#### Web page caption snippets:
───

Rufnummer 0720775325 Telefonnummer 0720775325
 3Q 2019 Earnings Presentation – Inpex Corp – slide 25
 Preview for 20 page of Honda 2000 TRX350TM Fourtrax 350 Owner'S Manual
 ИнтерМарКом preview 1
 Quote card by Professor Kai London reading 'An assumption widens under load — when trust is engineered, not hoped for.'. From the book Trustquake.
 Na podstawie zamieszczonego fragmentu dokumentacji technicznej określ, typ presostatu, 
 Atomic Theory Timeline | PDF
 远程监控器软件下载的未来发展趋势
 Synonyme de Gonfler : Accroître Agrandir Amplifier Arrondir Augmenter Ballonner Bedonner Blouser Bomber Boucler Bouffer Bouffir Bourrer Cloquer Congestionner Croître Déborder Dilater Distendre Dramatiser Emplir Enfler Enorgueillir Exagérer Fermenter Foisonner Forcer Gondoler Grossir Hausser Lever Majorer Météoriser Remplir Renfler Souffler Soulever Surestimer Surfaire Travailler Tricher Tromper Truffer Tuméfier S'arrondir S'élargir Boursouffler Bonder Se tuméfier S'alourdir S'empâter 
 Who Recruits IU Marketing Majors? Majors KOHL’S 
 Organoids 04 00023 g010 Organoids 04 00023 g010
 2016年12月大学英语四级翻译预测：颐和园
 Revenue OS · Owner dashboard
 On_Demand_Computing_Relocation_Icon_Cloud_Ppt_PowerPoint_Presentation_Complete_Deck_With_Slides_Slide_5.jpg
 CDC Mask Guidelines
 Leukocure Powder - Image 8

───

#### WHAT IS REQUIRED:
Once you find the line containing "Revenue OS · Owner dashboard", copy it and every line after it through the end of the records, exactly and nothing else.

#### SOLUTION TO THIS TASK:
 Revenue OS · Owner dashboard
 On_Demand_Computing_Relocation_Icon_Cloud_Ppt_PowerPoint_Presentation_Complete_Deck_With_Slides_Slide_5.jpg
 CDC Mask Guidelines
 Leukocure Powder - Image 8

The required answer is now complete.